They took a day-long field trip on a bus to the home of Dori Sanders, an author and a peach farmer who lives in Filbert, S.C.
Sanders was born and raised on the property, which her father purchased in 1915. (Filbert's about 15 miles due south of Gastonia.) At about 80 – she won’t say how old she is – she’s written two books: the novel “Clover" and the cookbook “Dori Sanders’ Country Cooking.” Over the years, she’s worked closely with Novello Festival Press, the library system’s publishing arm.
With the system reeling from severe budget cuts and reduced hours and staff, Friends of the Charlotte-Mecklenburg Library organized a trip to see Sanders’ farm, eat catered barbecue, stroll the grounds and sell Sanders’ and Novello Press books.
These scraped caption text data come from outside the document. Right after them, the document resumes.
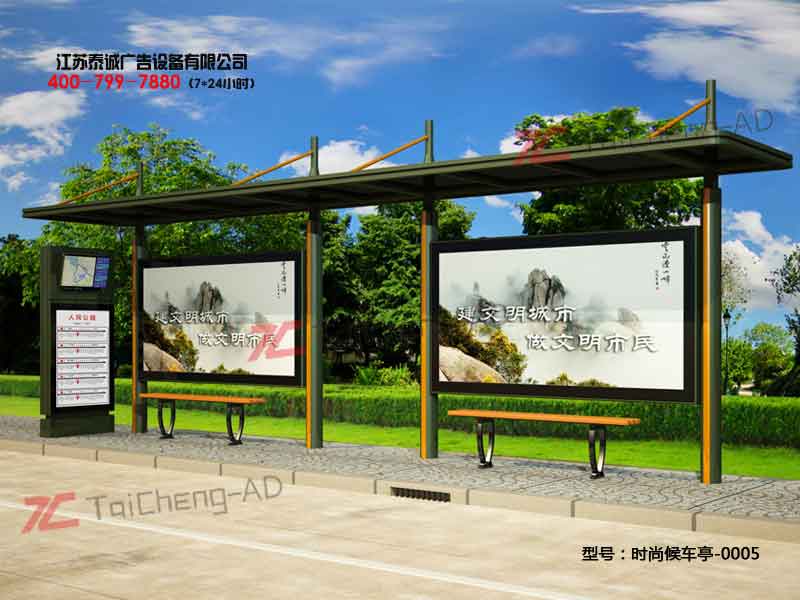 时尚候车亭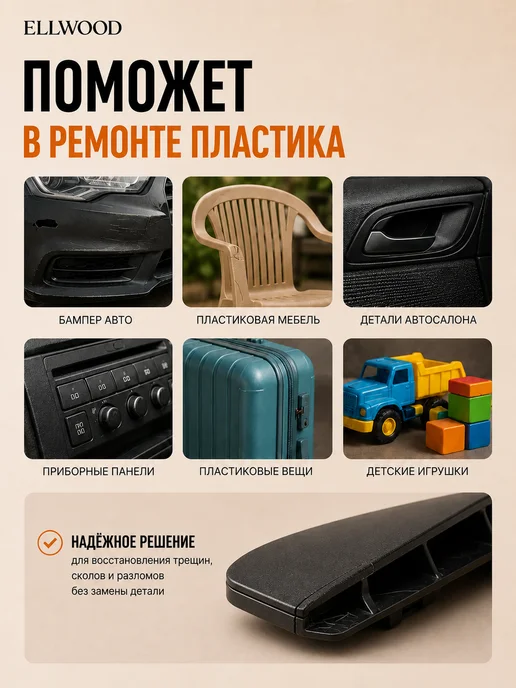 ELLWOOD Электрический паяльник для всех видов пластика, красный, фото 4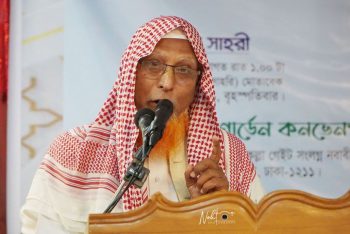 প্রার্থিতা ফিরে পেলেন খেলাফত মজলিসের নায়েবে আমির আহমদ আলী কাসেমী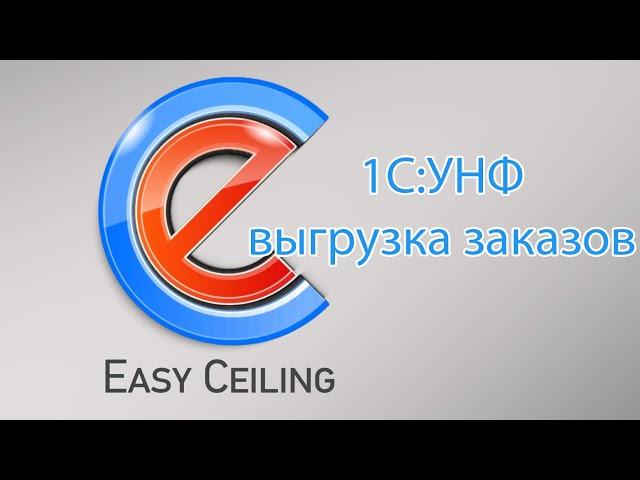 Настройка интеграции 1С:УНФ и Easy Ceiling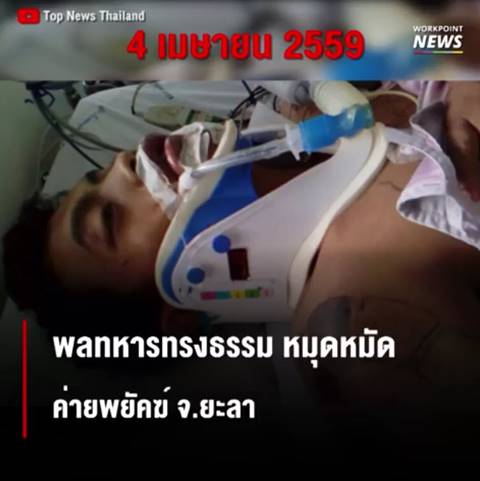 น้องเมยไม่ใช่ศพสุดท้าย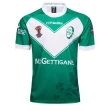IRELAND MEN'S 2017 World Cup Rugby Jersey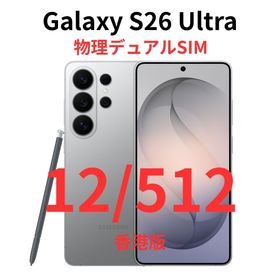 ギャラクシー(Galaxy)の【香港版】Galaxy S26 Ultra 12/512GB シルバー【新品】(スマートフォン本体)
About 50 people paid $40, which covered the hourlong bus trip, lunch under a big tent and music, provided by Harry Taylor on banjo and Tom Hanchett of the Levine Museum of the New South on fiddle. All proceeds went to the libraries; the system’s development director, Dick Pahle, said he expected the trip to raise about $1,000.
“It’s all to promote reading,” Sanders said. “My father, an old, rural elementary school principal in the days of two-room schoolhouses, the horse and buggy, said, ‘If you read, you can go anywhere in the world.’
“I’m a writer, and writers adore libraries. We’re talking books here.”
The library system is struggling to raise money from whatever source it can find. Severe Mecklenburg County budget cuts have led to reduced hours and staff cuts throughout the system and emergency funds from Charlotte and other cities and towns throughout the county.
To date, the library system has raised about $425,000 in individual contributions, which picked up dramatically in March when the library Board of Trustees threatened to close most of the system’s branches.
“That’s the day the community realized what it would be like to do without the library system,” Pahle said. The individual donations have been great, he said, “but they’re only part of the solution.”
The libraries will have to raise money more aggressively, he said. In the works: “Rock and Read,” a 5K fundraiser Sept. 18 around the Scaleybark, and a countywide book sale in the fall. The libraries will have to depend on such events “to help buy some time,” said Friends of the Library president Harriet Smith.
The situation isn’t the greatest, but the day was. It was warm but breezy, and you could stock up on books at one table, then saunter to another for fresh peaches, $11 for a big basket.
“It’s a good way to get like-minded people together as a group,” Pahle said. “Because Dori’s a writer, someone who believes in the power of books, it seemed like a natural thing to do.”